Aim of the exercise —
From the line that includes "a man in a cowboy" to the last line of the records that follow, copy every line exactly and nothing more, omitting pictures.

Data to use —

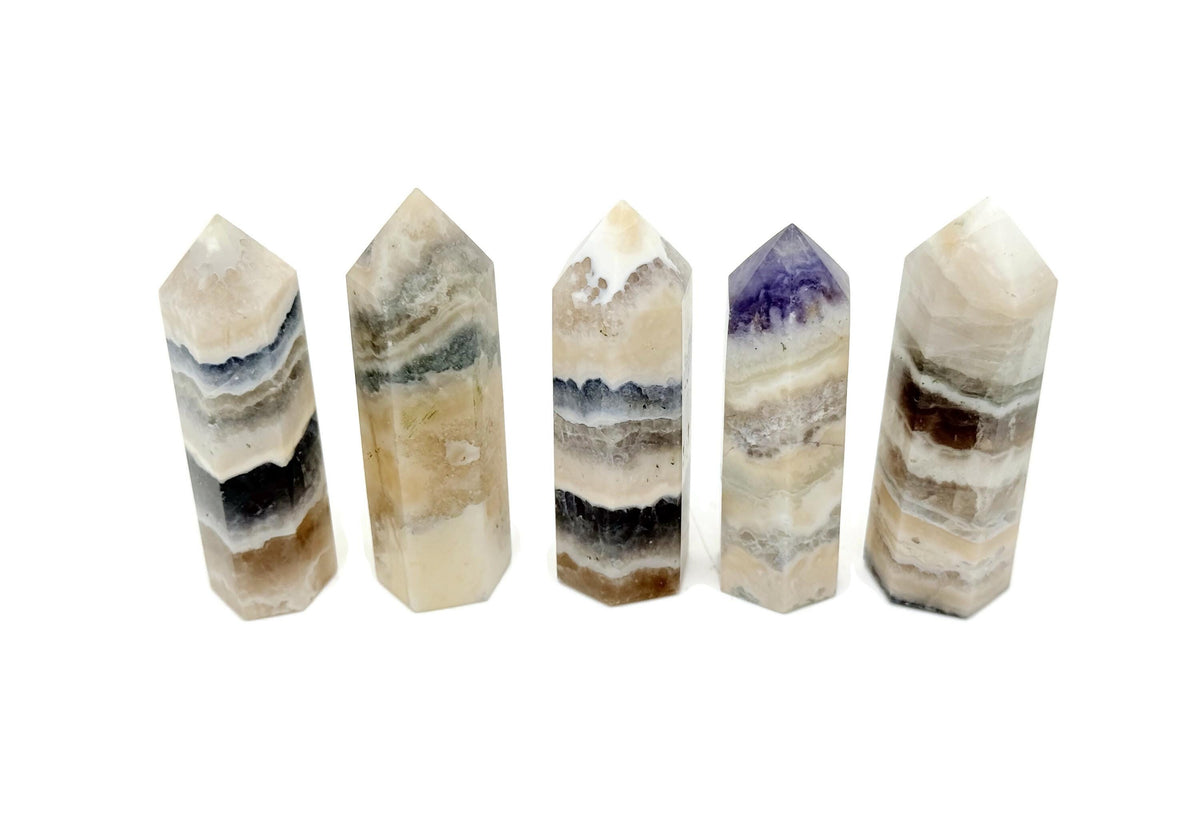 Fluorescent fluorite agate obelisk tower crystal from GemstoneGO showcasing vibrant color and natural stone patterns.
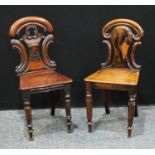 A William IV mahogany hall chair, carverd back, serpentine seat, turned legs, 85cm high; another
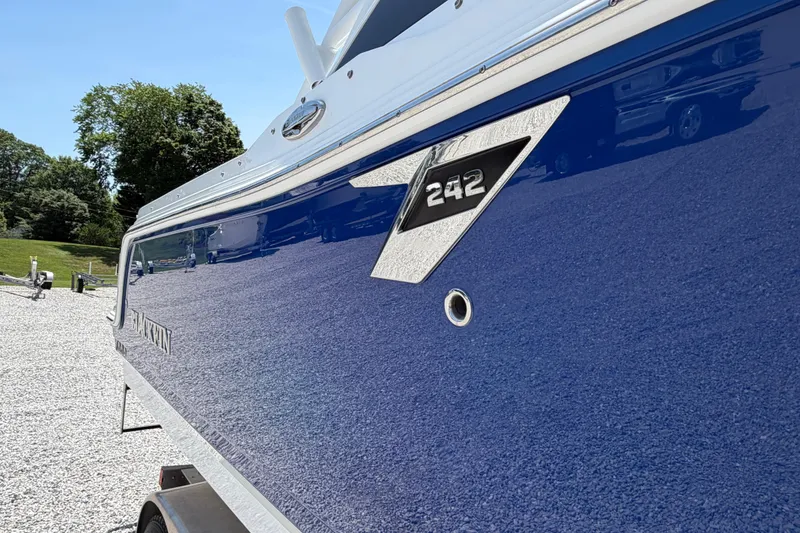 Slide: The Image of 2020 Blackfin 242 DC boat with sleek blue hull, parked on gravel. - 10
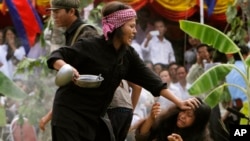 FILE: Cambodian students from the Royal University of Fine Arts re-enact torture executed by the Khmer Rouge during their reign of terror in the 1970s to mark the annual Day of Anger at Choeung Ek, a former Khmer Rouge "killing field" dotted with mass graves, on the outskirts of Phnom Penh, Cambodia, Tuesday, May 20, 2014. (AP Photo/Heng Sinith)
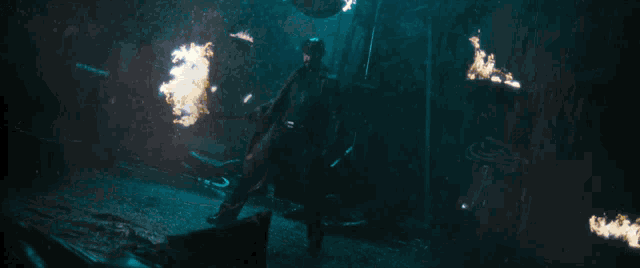 a man in a cowboy hat is standing in a dark room with fire coming out of his hands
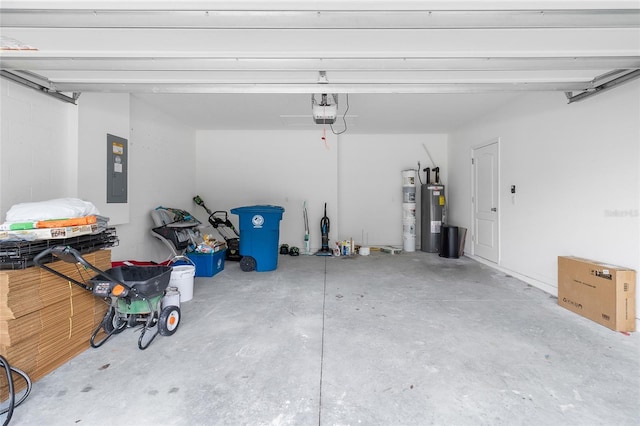 garage with a garage door opener, electric panel, and electric water heater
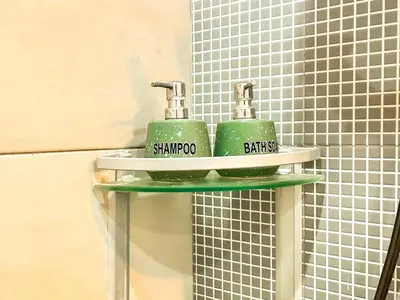 two green toothbrushes sitting on a shelf in a bathroom at Ratu Deandra Villa Seminyak in Seminyak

Response —
 a man in a cowboy hat is standing in a dark room with fire coming out of his hands
 garage with a garage door opener, electric panel, and electric water heater
 two green toothbrushes sitting on a shelf in a bathroom at Ratu Deandra Villa Seminyak in Seminyak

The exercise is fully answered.